Due to electoral rules though, the results of the referendum were not compulsory for parliament to enact without amending the questions. This, however, was not something Mr. Trifonov would agree on - for him and his team that started the referendum campaign a year earlier, if the parliament didn't enact the changes this would amount to treason. In his own words, the politicians would be going against the will of their sovereign, which calls for a mass protest, and a protest he promised. "The only obligation of the next parliament is to unconditionally enact the decisions of the referendum in the first two weeks of its life", wrote Mr Trifonov in an open letter at the end of January 2017. If the parliament doesn't do that and doesn't dissolve itself according to the terms set by the TV host, Trifonov announced he will take to the streets and protest against the politicians. "I don't know what would the rest of the 2.5 million people who voted in favor of the changes do", Mr Trifonov warned in the letter.

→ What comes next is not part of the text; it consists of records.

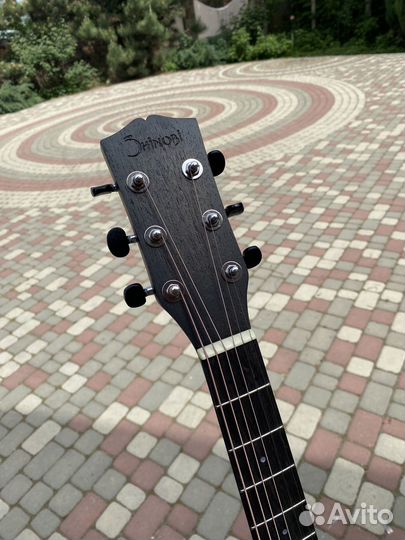 Акустическая гитара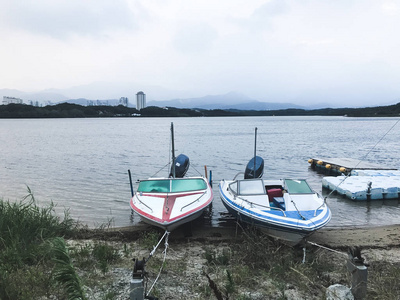 索克丘城湖上的小摩托艇。 韩国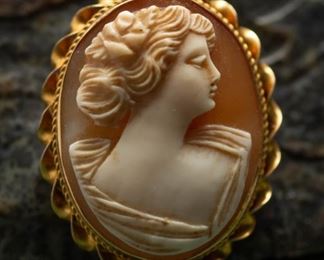 
14K Gold Pendant Hand carved cameo encased in a 14k gold setting. The base of the cameo is made of shell.  Total weight: 7.45g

He's not joking. In the days prior to the referendum, Mr Trifonov and his team organized a huge protest rally in support of the changes to the electoral code that attracted over 100,000 people, according to the showman's own estimates. It is highly likely he could arrange such a rally again. Mr Trifonov's popularity comes from his successful musical career - he is arguably the most recognizable musician from the first post-1989 generation. His career spans over 25 years and had been built upon a mix of songs in various genres - from renditions of famous Bulgarian folklore songs, through Balkan turbo-folk pop music to romantic ballads. His night-time talk show is one of the longest running on a Bulgarian TV channel.
Mr Trifonov is seen as a rebel, as he has somehow always managed to maintain a depoliticized, antisystemic image, though he has been proven close to many controversial politicians, such as the honorary leader of ethnic-business party Movement for Rights and Freedoms (DPS) Ahmed Dogan, ex-president Georgi Parvanov and ex-PM Boyko Borissov.
Actually, these are exactly the people the majoritarian system advocated by Mr Trifonov will benefit the most - the leaders of the major political parties. In an open letter in the days prior to the referendum, more than 40 leading political scientists warned that the introduction of a majoritarian electoral system in Bulgarian politics would give a huge boost to the two or three biggest political parties that still control a serious portion of the organizational and monetary resource. Of course, Mr Trifonov and his team ignored the warnings and claimed that the political scientists are just a by-product of the current political system that defends the old order. Actually, "Slavi's Show" has been attacking various institutions, including the President, the Constitutional Court members, as well as the members of Parliament, without any consideration of media (or civilized) ethics - they were called traitors, their portraits were torn apart, with all this happening in the prime time of Bulgaria's biggest TV channel.
Even if it turns out that Slavi Trifonov's actions were inspired only by a decision to substitute the dwindling sense of humor of his show with a political agenda to keep its rating high, he and his team should be on your watch list in the following months of political uncertainty.